Alfonso Ussía
La inexistencia
Se dice, y con razón, que quien no sale en la televisión no existe. Es mi caso. Algunos políticos han entendido la fórmula de la constancia televisiva. Iglesias y Revilla, por ejemplo, están donde están gracias a sus constantes apariciones en la pequeña pantalla. No es importante ser coherente, ni educado, ni inteligente. Sobra con la mera exposición del rostro –en todos los sentidos–, para alcanzar una gran popularidad. Cuando un grupo de amigos hicimos en Tele-5, un programa creado por Valerio Lazarov, «Este País Necesita un Repaso» pude entender la fuerza imparable de la televisión. En uno de aquellos programas, un Antonio Mingote febril y desanimado, no abrió la boca. No dijo absolutamente nada. De cuando en cuando las cámaras se ocupaban de él, con su estética noble y magnífica. Paseábamos por El Retiro unos días más tarde y una señora, al reconocerlo, se acercó: –Don Antonio, estuvo usted maravilloso en el último programa–. Porque la televisión es imagen ante todo, y Mingote llenaba la pequeña pantalla.
Nada existe si no aparece en la televisión. Me ciño a los deportes. Por muy esperado que sea un acontecimiento deportivo, es la televisión la que lo realza, mantiene a decenas de millones de espectadores pendientes de su desarrollo, y al final, se sabe quién ha ganado y quiénes han perdido. Pero hay modalidades deportivas, anunciadas con entusiasmo durante semanas, que no gozan de la ayuda de la televisión, y que, cumplido su propósito, nadie sabe cómo ha transcurrido el campeonato y quién ha sido el vencedor, el segundo clasificado y el ganador de la medalla de bronce.
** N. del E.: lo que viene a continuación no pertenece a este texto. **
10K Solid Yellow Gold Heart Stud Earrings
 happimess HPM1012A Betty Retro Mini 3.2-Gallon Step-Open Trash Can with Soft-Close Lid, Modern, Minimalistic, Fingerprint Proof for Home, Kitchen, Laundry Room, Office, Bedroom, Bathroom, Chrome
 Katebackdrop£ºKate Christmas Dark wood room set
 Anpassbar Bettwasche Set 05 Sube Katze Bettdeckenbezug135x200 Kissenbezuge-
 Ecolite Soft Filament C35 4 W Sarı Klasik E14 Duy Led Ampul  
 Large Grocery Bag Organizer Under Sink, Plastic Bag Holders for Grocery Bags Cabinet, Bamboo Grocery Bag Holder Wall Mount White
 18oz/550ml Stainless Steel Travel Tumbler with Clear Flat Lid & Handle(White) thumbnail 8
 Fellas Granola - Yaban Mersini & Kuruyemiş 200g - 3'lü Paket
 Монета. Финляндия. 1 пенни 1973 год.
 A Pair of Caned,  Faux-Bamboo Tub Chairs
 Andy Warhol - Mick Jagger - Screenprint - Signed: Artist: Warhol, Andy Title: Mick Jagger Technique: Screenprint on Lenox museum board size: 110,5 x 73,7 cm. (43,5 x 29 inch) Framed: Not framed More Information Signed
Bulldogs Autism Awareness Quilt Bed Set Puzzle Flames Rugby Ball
Por ejemplo, la carrera con tacones de la semana del «Orgullo Gay». Se ha anunciado en los periódicos y en los informativos de algunas cadenas de televisión, pero no ha disfrutado del interés de las cámaras en directo. Se trata de una carrera con singulares emociones. Los competidores, varones en su mayoría, se ajustan a sus pies preciosos pares de zapatos femeninos con altos tacones. Es un deporte de riesgo. El juez de salida baja la bandera, y los afanosos participantes recorren una distancia considerable en pos del triunfo final. Son muchísimos los atletas que buscan la gloria en esta encomiable especialidad deportiva. Al final, con los músculos de las piernas a punto del estallido fibrilar, los atletas superan la línea de meta entre los vítores de los espectadores. Todo muy bien. Pero ¿quién ha ganado este año? ¿Sabemos el nombre y apellido del esforzado atleta? ¿Por qué conocemos y asumimos que en Wimbledon Nadal ha sido derrotado, que el «Tour» de Francia principió el pasado sábado, que Sergio Ramos quiere ganar diez millones de euros limpios y que Messi no juega tan bien en su selección como en el «Barça»? Porque salen en la tele las noticias al respecto. Si será importante la televisión que los espectadores a los que nos importa un bledo el porvenir futbolístico de un chico que se apellida Deloufeu, tenemos una cierta idea que se aproxima al futuro de Deloufeu. El secreto está en la televisión. Sin ella, la nada nos rodea y nos convertimos en aire. En mi caso, que nada me aburre más que acudir a un estudio de televisión, la nada ha sido consecuencia de mi suicidio mediático, como ahora se dice.
Considero que la televisión es un mediador formidable para llevar a las casas de todo el mundo los grandes acontecimientos deportivos, las noticias más importantes del día, los eventos culturales y las magnas y espectaculares reuniones de muchedumbres. Pero no trata igual a todos. A estas alturas de la semana que se inicia, seguimos sin saber –y escribo en plural porque mis vecinos también lo ignoran–, quién ha sido el ganador de la carrera con tacones correspondiente a la Semana del Orgullo Gay de Madrid. A ver si el año que viene somos más sensibles.